Sejak didirikan, Surau Taram tercatat telah mengalami sejumlah perbaikan. Bangunan surau yang berdiri saat ini merupakan hasil pemugaran dengan tetap mempertahankan bentuk arsitektur asli.[1]
Surau Taram pernah menjadi sentral Tarekat Naqsyabandiyah di Lima Puluh Kota. AWP. Verkerk Pistorius dalam artikelnya di Tijdschrift voor Nederlandsch-Indië pada tahun 1868 menyebut surau ini dihadiri oleh sekitar 1.000 murid dalam setahun.[2] Di sekitar Surau Taram, juga terdapat surau tempat mengajar Syekh Taram dan Syekh Sungai Ameh.[3]
Surau ini pernah digunakan sebagai tempat ibadah suluk. Saat ini, Surau Taram digunakan untuk aktivitas ibadah terbatas seiring dengan kehadiran masjid, yakni Masjid Baitul Qiramah di sebelah barat surau.
Tinggalan
Makam
Syekh Ibrahim Mufti dipandang oleh penduduk setempat sebagai orang yang memiliki karamah sehingga dijuluki Beliau Keramat. Makamnya terdapat di kompleks surau dan menjadi tujuan ziarah, teruatama tanggal 27 Rajab.[4] Penziarah datang dari berbagai daerah di Minangkabau baik dari pengikut Tarekat Naqsyabandiyah maupun Tarekat Syattariyah.

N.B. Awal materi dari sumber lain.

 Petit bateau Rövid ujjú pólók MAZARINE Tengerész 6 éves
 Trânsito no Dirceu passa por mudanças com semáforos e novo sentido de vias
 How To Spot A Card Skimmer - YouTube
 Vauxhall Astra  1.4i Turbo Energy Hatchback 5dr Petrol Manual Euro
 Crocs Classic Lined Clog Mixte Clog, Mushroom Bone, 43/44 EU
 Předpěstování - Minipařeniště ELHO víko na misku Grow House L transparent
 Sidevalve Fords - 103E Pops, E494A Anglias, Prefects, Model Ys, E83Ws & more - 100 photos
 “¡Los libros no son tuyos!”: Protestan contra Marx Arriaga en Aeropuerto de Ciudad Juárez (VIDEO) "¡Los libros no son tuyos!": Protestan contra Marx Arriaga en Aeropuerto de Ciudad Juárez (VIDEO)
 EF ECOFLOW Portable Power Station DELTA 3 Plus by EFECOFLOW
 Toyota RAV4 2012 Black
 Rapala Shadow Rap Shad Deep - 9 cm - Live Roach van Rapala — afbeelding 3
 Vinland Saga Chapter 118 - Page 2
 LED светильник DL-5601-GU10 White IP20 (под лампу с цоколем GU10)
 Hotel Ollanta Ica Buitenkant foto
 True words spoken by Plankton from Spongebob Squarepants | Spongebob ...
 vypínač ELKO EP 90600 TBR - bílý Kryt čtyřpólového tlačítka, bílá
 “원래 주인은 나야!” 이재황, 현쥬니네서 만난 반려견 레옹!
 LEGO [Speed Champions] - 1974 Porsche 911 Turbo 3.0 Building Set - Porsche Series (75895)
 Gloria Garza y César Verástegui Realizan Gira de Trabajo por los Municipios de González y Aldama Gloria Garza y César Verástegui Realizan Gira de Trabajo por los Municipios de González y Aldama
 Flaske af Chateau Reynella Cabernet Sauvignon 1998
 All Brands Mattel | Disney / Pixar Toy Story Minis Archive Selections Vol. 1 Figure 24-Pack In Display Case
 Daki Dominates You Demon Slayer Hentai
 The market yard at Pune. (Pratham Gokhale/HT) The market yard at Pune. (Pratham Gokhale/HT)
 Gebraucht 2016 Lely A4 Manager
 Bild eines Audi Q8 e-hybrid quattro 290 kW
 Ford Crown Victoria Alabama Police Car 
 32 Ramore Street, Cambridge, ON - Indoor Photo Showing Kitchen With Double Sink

Surau Taram tercatat sebagai surau yang memiliki tradisi menulis dan menyalin naskah. Sedikitnya seratus koleksi naskah diperkirakan ada di sini, tetapi sebagian besar kini telah hilang. Hanya 14 naskah yang masih tersimpan, sepuluh di antaranya berada dalam kondisi yang sangat buruk. Sebagian naskah disimpan oleh Ramli Datuak Marajo Basa, keturunan ke-13 dari Ibrahim Mufti yang rumahnya terletak di sebelah surau.[1][6][7]